- **Records for this task**
::::::
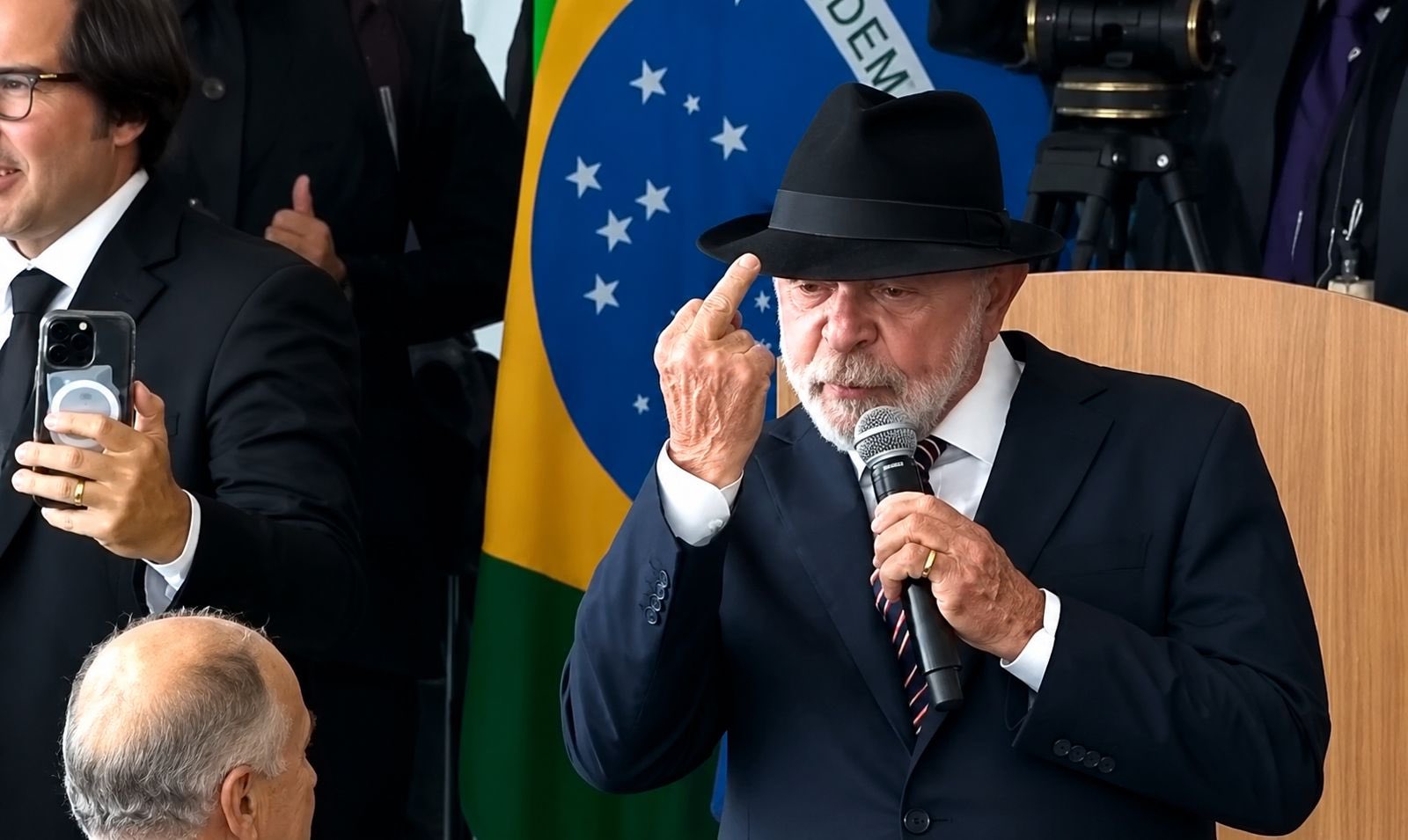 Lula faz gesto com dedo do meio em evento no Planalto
::::::
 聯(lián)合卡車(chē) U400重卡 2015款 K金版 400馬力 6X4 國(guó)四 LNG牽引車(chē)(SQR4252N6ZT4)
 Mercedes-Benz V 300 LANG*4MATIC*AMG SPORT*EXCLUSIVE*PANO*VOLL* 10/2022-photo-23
::::::
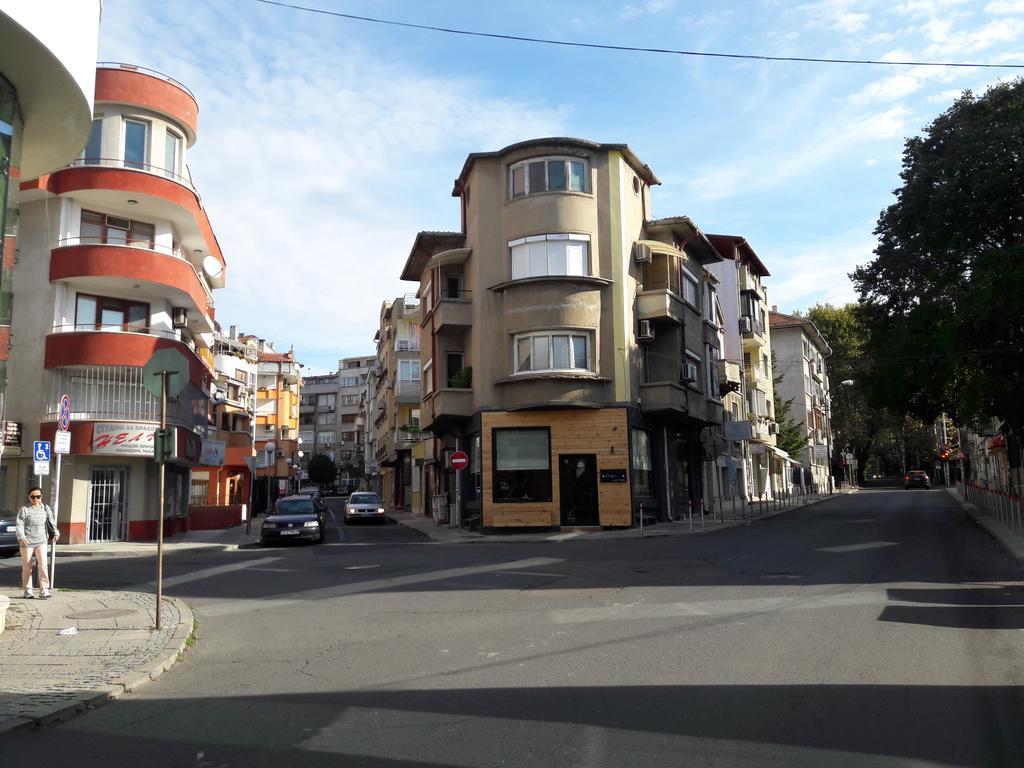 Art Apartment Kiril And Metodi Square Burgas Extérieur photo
::::::
- **What is being asked**
Take from the material above the lines running from the one with "聯(lián)合卡車(chē) U400重卡 2015款" through the one with "Mercedes-Benz V 300", and repeat them exactly, with nothing else.

- **Written answer**
 聯(lián)合卡車(chē) U400重卡 2015款 K金版 400馬力 6X4 國(guó)四 LNG牽引車(chē)(SQR4252N6ZT4)
 Mercedes-Benz V 300 LANG*4MATIC*AMG SPORT*EXCLUSIVE*PANO*VOLL* 10/2022-photo-23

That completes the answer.